Es ist eine Frage der Zeit, bis China die USA als stärkste Wirtschaftsnation überholen wird. Donald Trump könnte für Peking dabei sogar zu einem Glücksfall werden. Sollte er das amerikanische Freihandelsprojekt TPP tatsächlich aufgeben, wird Terrain für Chinas Konkurrenzprojekt RCEP frei. Dieses Freihandelsabkommen schliesst neben den zehn Asean-Ländern Australien, Indien, Japan, Südkorea und Neuseeland, nicht aber die USA ein. Neue Chancen ergäben sich auch in Lateinamerika, sollte Trump die angekündigte Mauer zu Mexiko bauen. China, das derzeit seinen eigenen Markt gegen aussen immer mehr abschottet, stünde plötzlich als Förderer des Freihandels im Pazifik da – das Bild ist schief, aber nicht unrealistisch.

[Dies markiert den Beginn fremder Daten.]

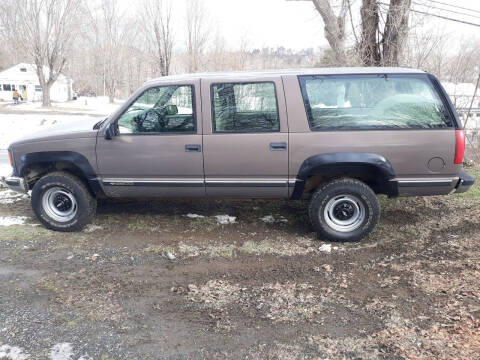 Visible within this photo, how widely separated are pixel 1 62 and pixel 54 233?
7552 cm

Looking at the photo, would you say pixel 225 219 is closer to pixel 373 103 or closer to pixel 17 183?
pixel 373 103

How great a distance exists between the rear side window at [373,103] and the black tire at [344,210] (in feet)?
2.23

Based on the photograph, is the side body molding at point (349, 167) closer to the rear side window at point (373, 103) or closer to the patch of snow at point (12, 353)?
the rear side window at point (373, 103)

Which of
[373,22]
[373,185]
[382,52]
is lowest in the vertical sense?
[373,185]

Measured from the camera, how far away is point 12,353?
2.59 meters

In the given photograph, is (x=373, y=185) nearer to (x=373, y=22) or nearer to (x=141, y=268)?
(x=141, y=268)

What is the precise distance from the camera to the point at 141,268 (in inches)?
151

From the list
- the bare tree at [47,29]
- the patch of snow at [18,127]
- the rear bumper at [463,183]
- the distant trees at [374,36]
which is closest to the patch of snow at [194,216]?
the rear bumper at [463,183]

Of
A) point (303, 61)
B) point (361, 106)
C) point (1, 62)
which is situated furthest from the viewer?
point (1, 62)

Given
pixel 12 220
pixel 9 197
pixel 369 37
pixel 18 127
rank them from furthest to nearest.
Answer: pixel 18 127 → pixel 369 37 → pixel 9 197 → pixel 12 220

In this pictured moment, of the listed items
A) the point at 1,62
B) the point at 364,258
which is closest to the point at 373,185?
the point at 364,258

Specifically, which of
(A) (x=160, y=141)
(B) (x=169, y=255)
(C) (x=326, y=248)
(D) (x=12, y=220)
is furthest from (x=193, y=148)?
(D) (x=12, y=220)

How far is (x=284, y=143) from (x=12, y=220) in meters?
3.81

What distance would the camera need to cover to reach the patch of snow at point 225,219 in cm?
505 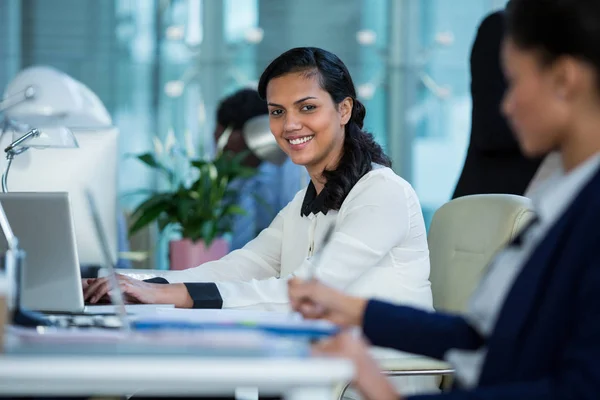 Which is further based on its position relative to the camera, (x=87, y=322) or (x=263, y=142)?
(x=263, y=142)

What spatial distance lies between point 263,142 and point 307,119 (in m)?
1.73

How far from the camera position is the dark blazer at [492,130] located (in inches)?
98.0

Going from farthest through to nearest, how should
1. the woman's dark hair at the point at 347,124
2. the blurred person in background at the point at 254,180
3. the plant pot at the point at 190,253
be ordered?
1. the blurred person in background at the point at 254,180
2. the plant pot at the point at 190,253
3. the woman's dark hair at the point at 347,124

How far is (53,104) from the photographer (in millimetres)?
2607

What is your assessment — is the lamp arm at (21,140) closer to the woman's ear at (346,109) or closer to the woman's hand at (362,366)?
the woman's ear at (346,109)

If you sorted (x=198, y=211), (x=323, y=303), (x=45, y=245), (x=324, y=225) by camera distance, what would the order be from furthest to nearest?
(x=198, y=211), (x=324, y=225), (x=45, y=245), (x=323, y=303)

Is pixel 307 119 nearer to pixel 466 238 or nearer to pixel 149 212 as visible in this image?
pixel 466 238

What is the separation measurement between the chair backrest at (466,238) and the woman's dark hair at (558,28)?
949 mm

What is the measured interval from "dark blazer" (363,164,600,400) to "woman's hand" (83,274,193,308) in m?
1.02

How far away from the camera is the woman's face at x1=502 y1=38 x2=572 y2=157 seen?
1.01 m

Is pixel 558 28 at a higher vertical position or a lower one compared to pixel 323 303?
higher

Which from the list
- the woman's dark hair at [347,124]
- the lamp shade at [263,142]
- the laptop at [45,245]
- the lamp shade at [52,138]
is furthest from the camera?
the lamp shade at [263,142]

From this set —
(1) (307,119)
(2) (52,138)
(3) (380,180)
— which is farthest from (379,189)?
(2) (52,138)

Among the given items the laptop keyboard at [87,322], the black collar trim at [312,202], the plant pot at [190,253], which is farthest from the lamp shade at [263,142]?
the laptop keyboard at [87,322] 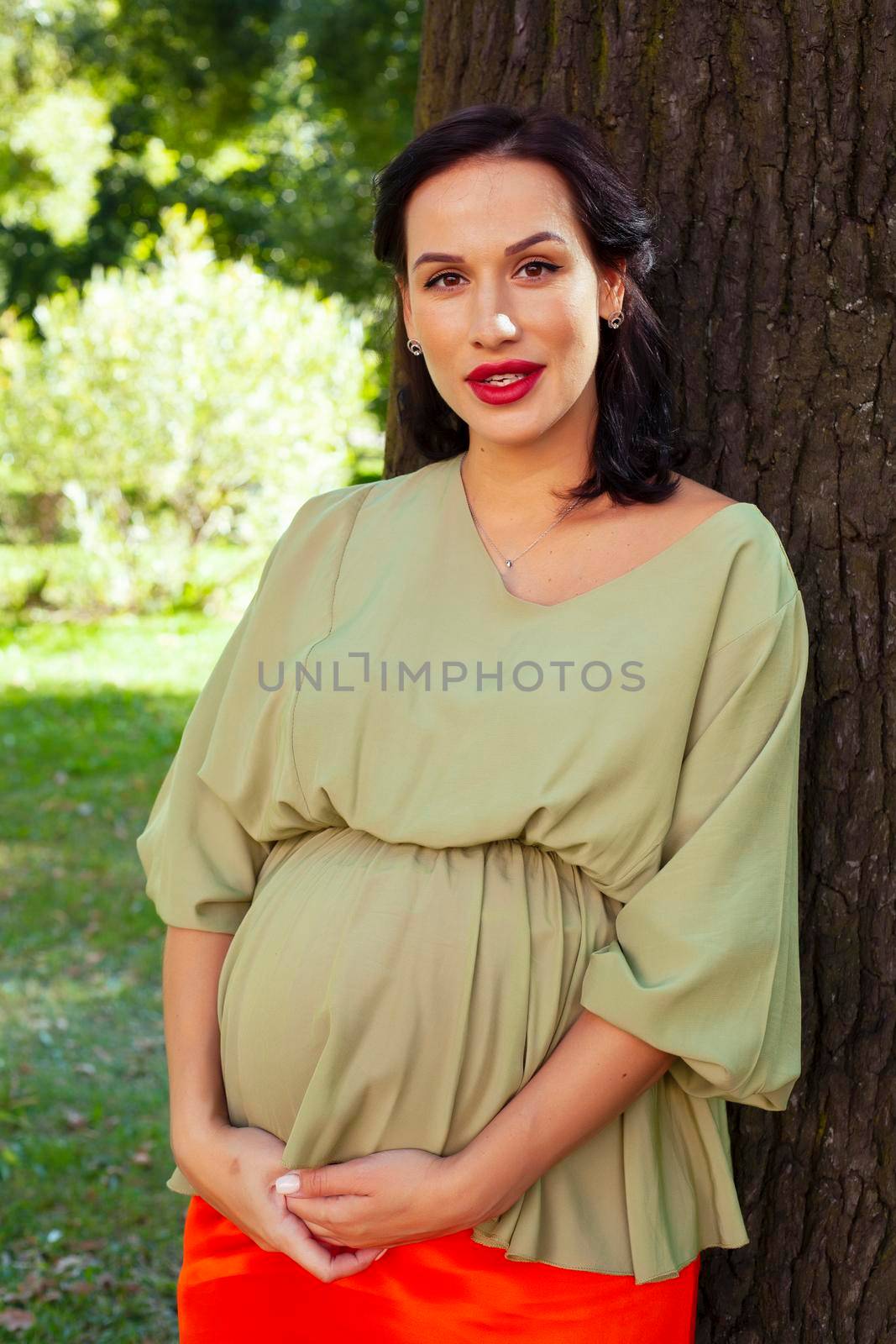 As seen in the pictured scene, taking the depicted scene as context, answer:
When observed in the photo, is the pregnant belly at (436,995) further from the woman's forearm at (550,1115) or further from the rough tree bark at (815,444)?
the rough tree bark at (815,444)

Anders sieht Chinas Position in der Politik aus. Das Land ist weit davon entfernt, eine weltpolitische Ordnungsmacht zu sein. Lange war Pekings Aussenpolitik auf eine wirtschaftliche Dimension reduziert; sie war dazu da, in seinen ärmeren Nachbarländern, in Afrika und Lateinamerika den Rohstoffhunger des Landes zu stillen. In wichtigen internationalen Organisationen ist China zwar Mitglied, hat aber bisher nach dem Prinzip der Nichteinmischung gehandelt und kaum Initiative ergriffen. Vertreter Pekings machten nie ein Hehl daraus, dass sie die Werte, die den westlich geprägten Institutionen zugrunde liegen, nicht teilen.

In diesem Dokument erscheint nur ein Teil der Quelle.